Records from a dataset:
= = = =

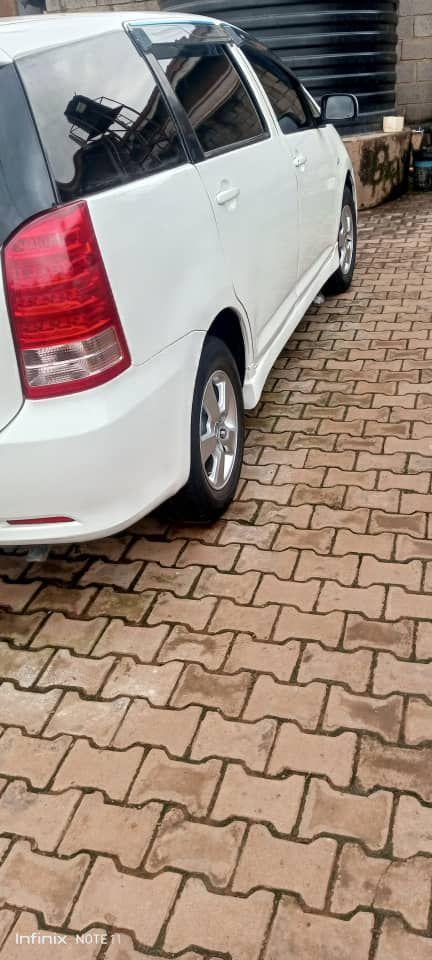 A picture of 2004 Toyota wish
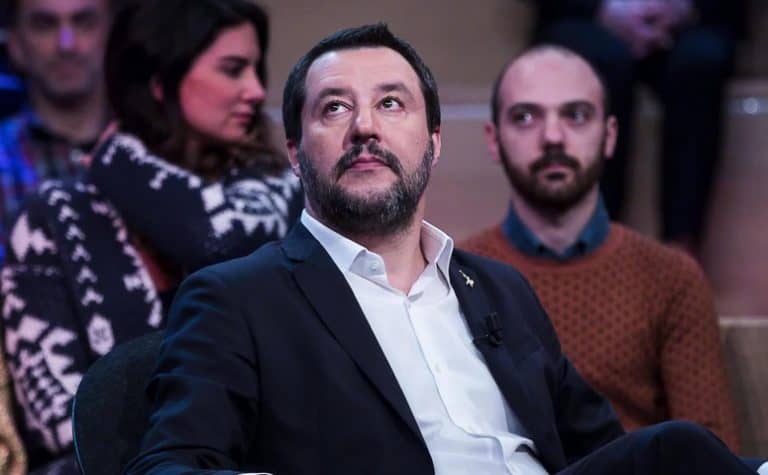 Włoska komisja senacka uchyliła immunitet Matteo Salviniemu. Chodzi o rzekomo nielegalne przetrzymywanie imigrantów na morzu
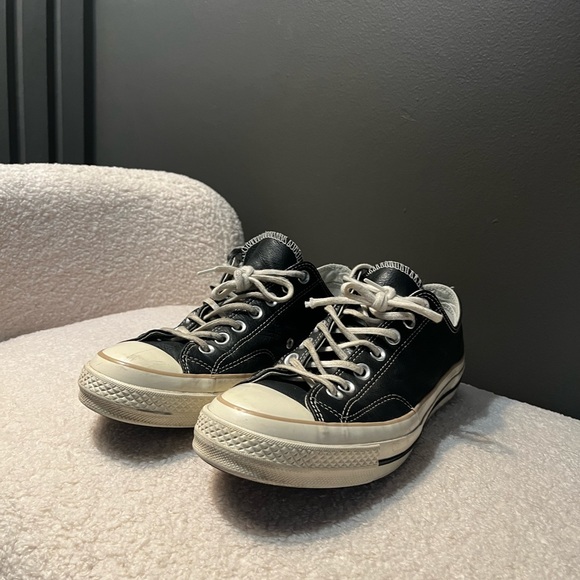 Leather Converse All Star size 8.5 - Picture 3 of 4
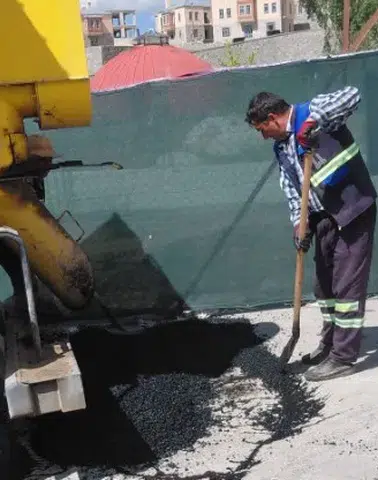 Erzurum Büyükşehir Belediyesi'nden Tebrizkapı Kavşağı'nda Asfalt Yama Mesaisi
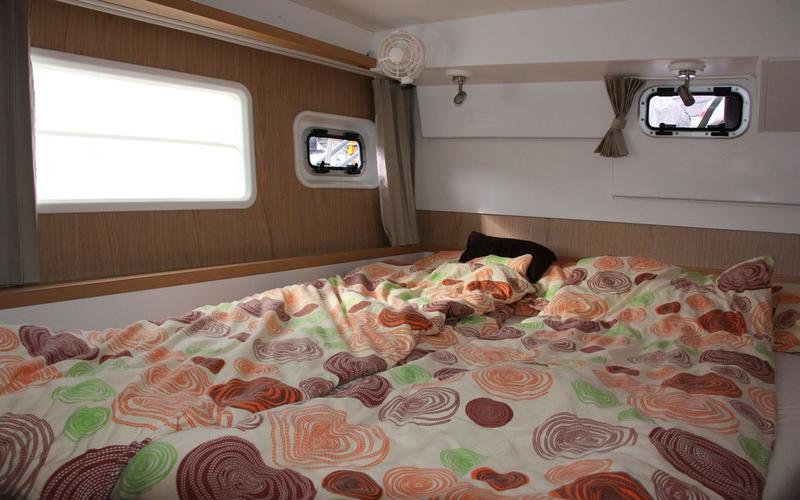 Book yachts online - catamaran - Lagoon 400 S2 - Luna Lu (PMI) - rent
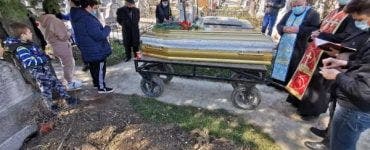 Primele imagini de la înmormântarea Corneliei Catanga! Artista este îngropată cu sicriul sigilat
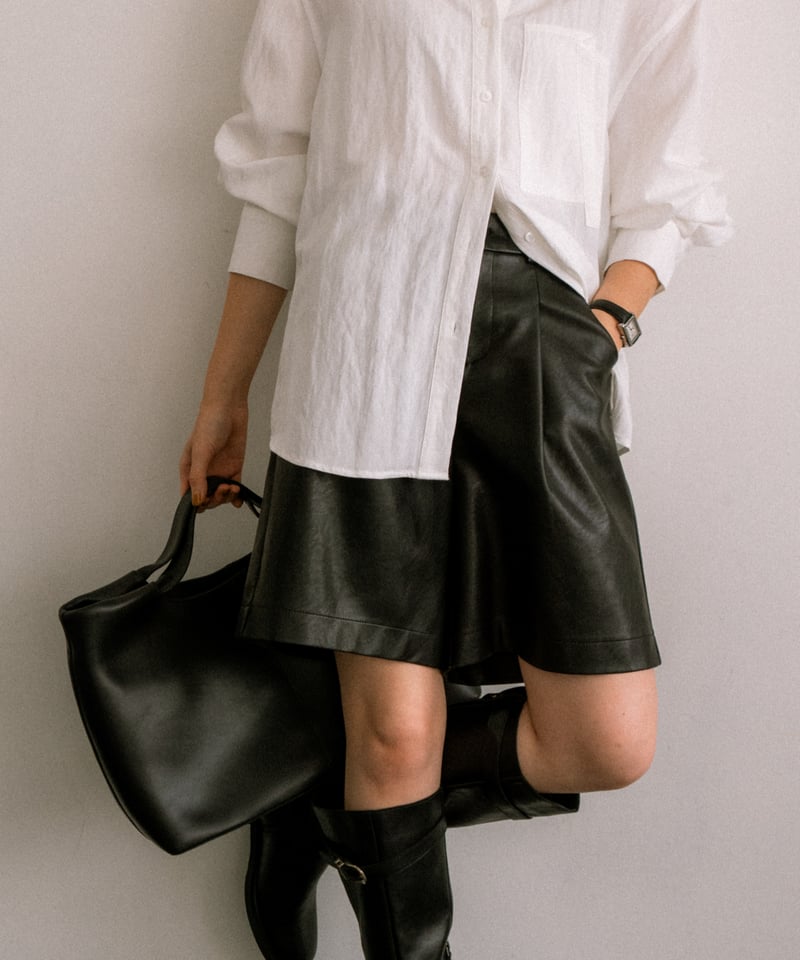 FLAT HANDLE LEATHER TOTE BAG | JISTORY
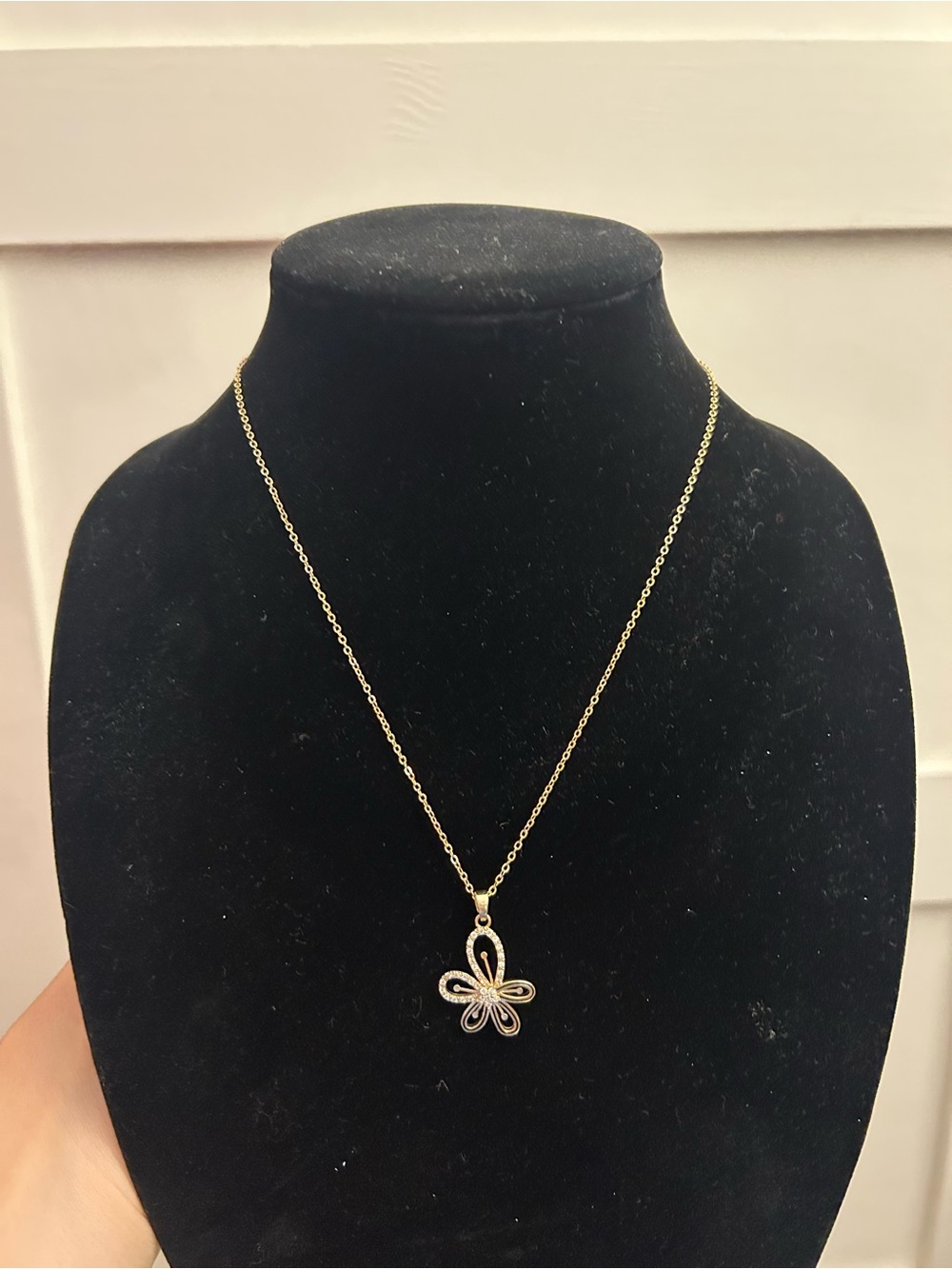 Delicate Gold Flower Pendant Necklace - Women's Jewelry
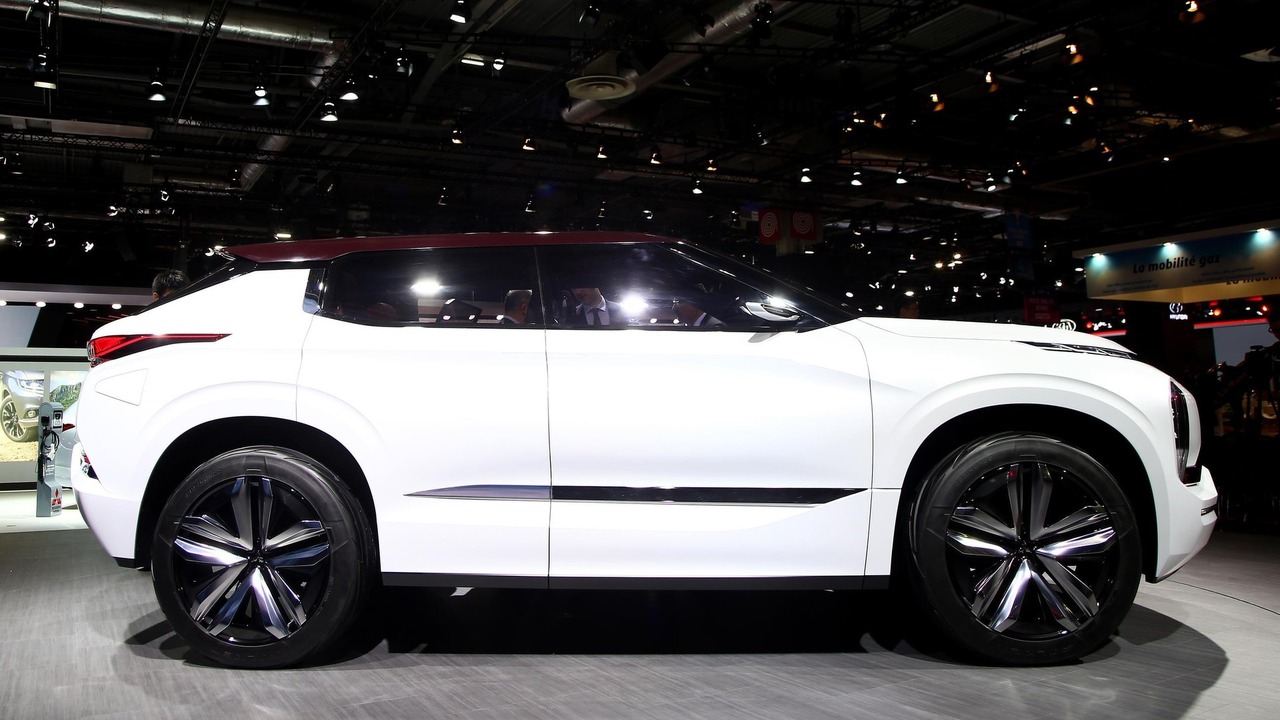 三菱gt-phev概念车亮相巴黎车展 欧蓝德雏形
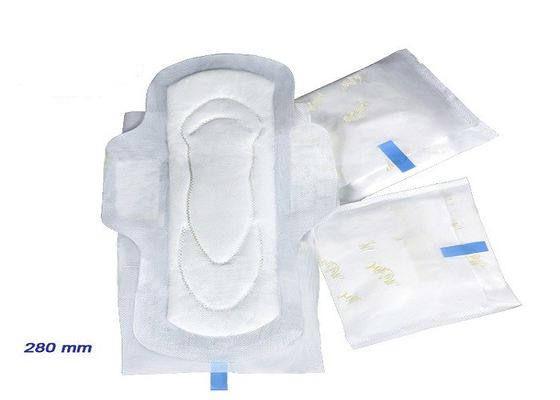 White PE Backsheet Bersayap Hypoallergenic Sanitary Pads Untuk Pendarahan Berat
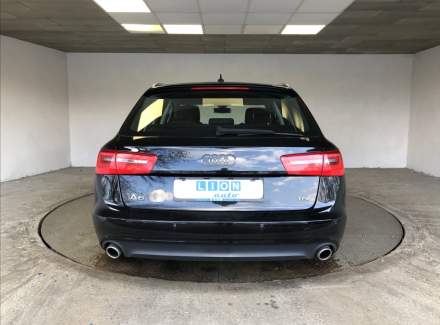 Audi - A6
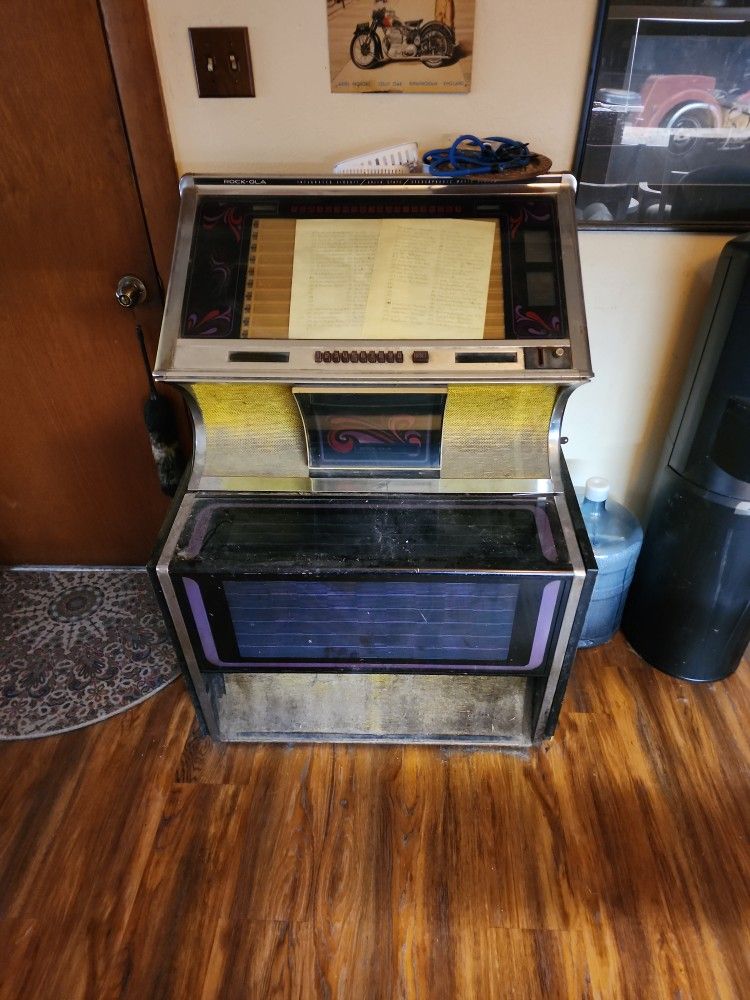 1974 Vintage ROCK-OLA Jukebox- Solid State Stereophonic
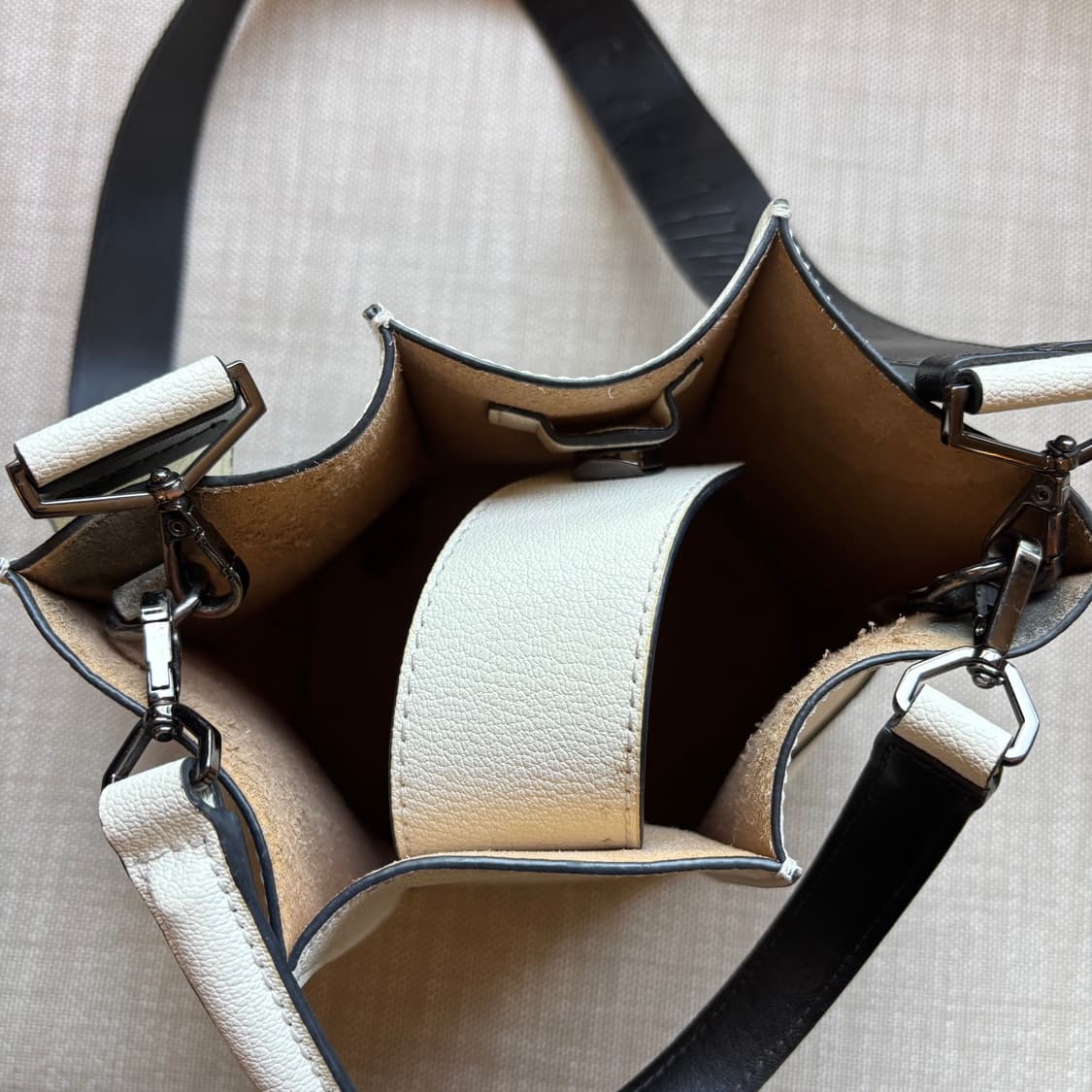 루에브르 삭 드 루미에르 토트백 숄더백 버킷백 상품이미지7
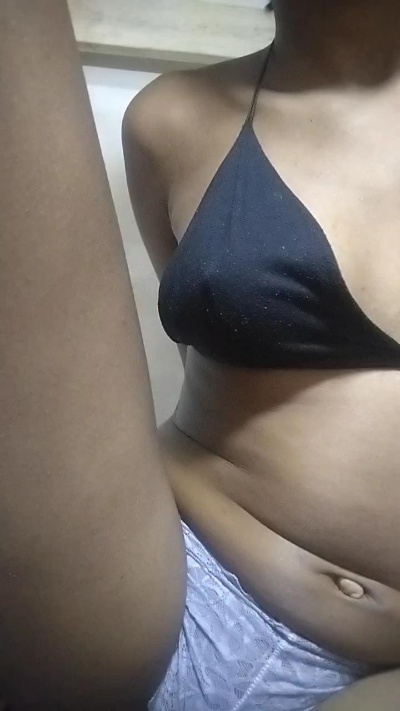 maylah2 live cam on Cam4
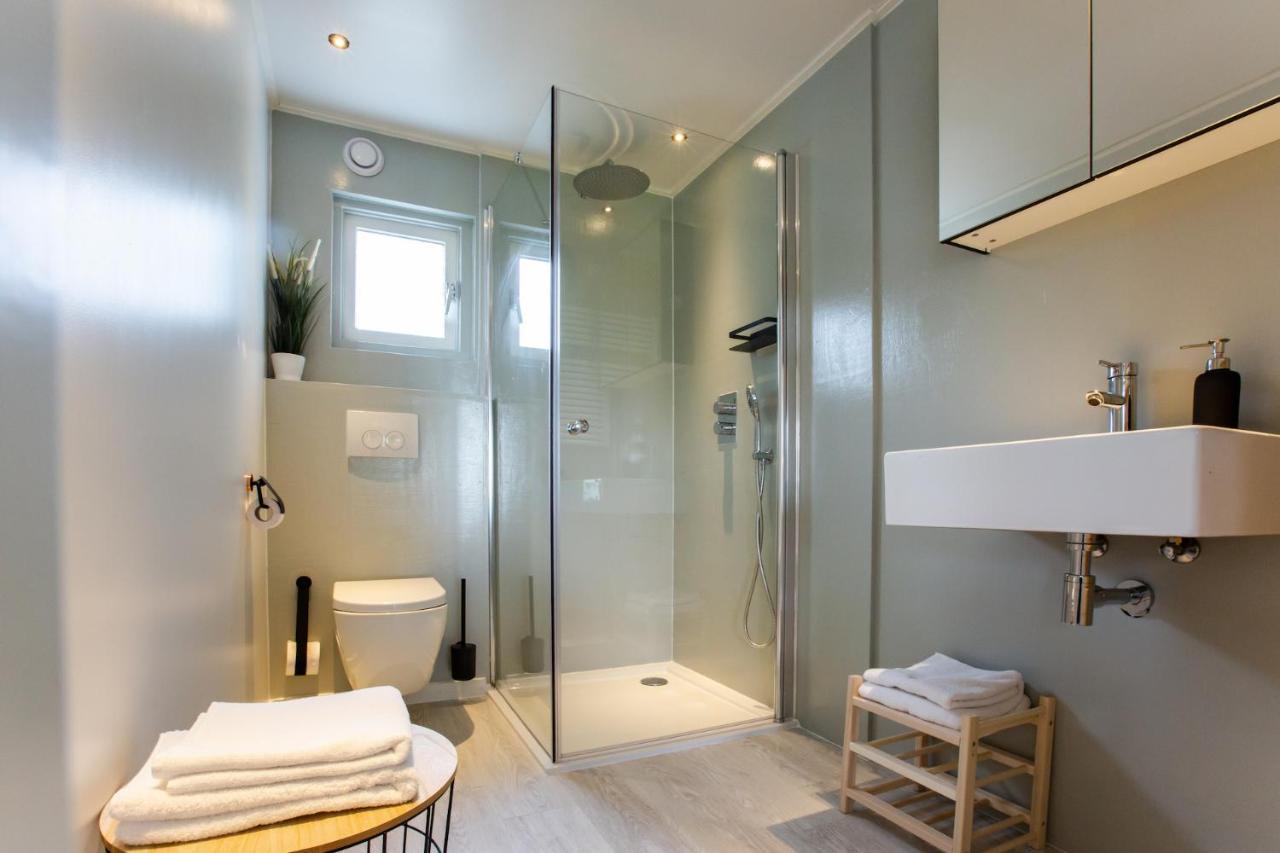 Chalet Met Loft - Vakantiepark De Schreiershoek Dokkum Kültér fotó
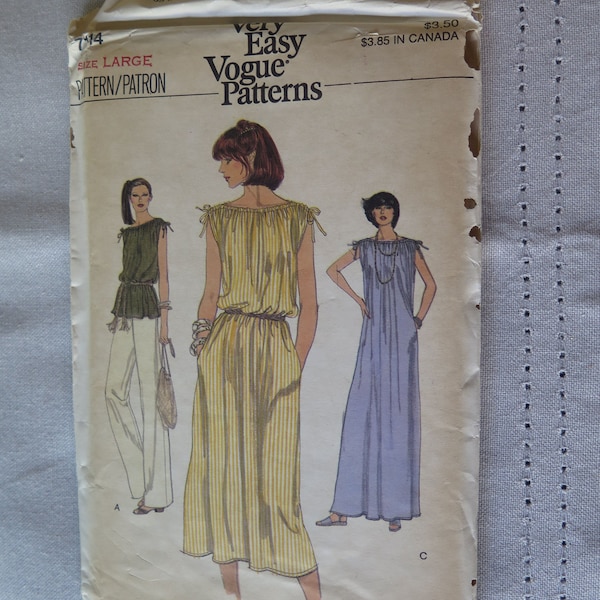 Vintage 70s Very Easy Vogue 7114 Misses Dress or Top and Pants Sewing Pattern size Large UNCUT FF
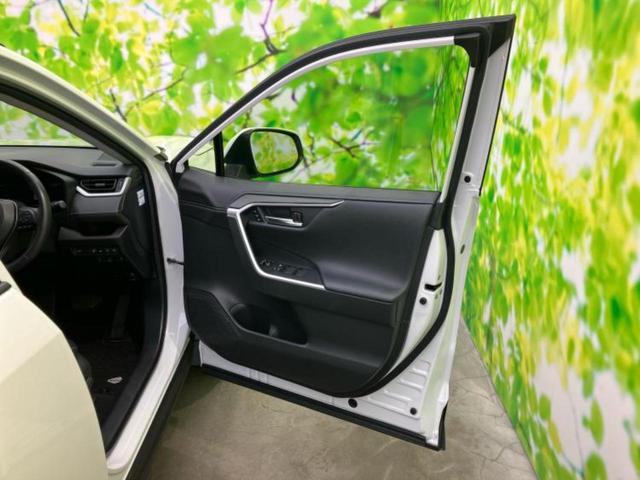 ＲＡＶ４ ４ＷＤハイブリッドＧ　保証書／ディスプレイオーディオ９インチ／トヨタセーフティセンス／シートヒーター　前席／全方位モニター／車線逸脱防止支援システム／シート　合皮／電動バックドア／ヘッドランプ　ＬＥＤ　衝突被害軽減システム（19枚目）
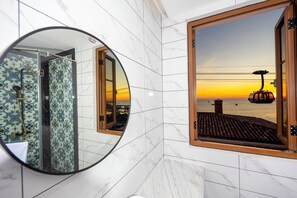 Deluxe-Doppelzimmer, 1Â King-Bett, Meerblick | Badezimmer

= = = =

:: Your instructions ::
The answer must be the lines above from the one containing "Delicate Gold Flower" through the one containing "Vintage 70s Very", reproduced exactly, with no pictures and nothing else.

:: Answer area ::
 Delicate Gold Flower Pendant Necklace - Women's Jewelry
 三菱gt-phev概念车亮相巴黎车展 欧蓝德雏形
 White PE Backsheet Bersayap Hypoallergenic Sanitary Pads Untuk Pendarahan Berat
 Audi - A6
 1974 Vintage ROCK-OLA Jukebox- Solid State Stereophonic
 루에브르 삭 드 루미에르 토트백 숄더백 버킷백 상품이미지7
 maylah2 live cam on Cam4
 Chalet Met Loft - Vakantiepark De Schreiershoek Dokkum Kültér fotó
 Vintage 70s Very Easy Vogue 7114 Misses Dress or Top and Pants Sewing Pattern size Large UNCUT FF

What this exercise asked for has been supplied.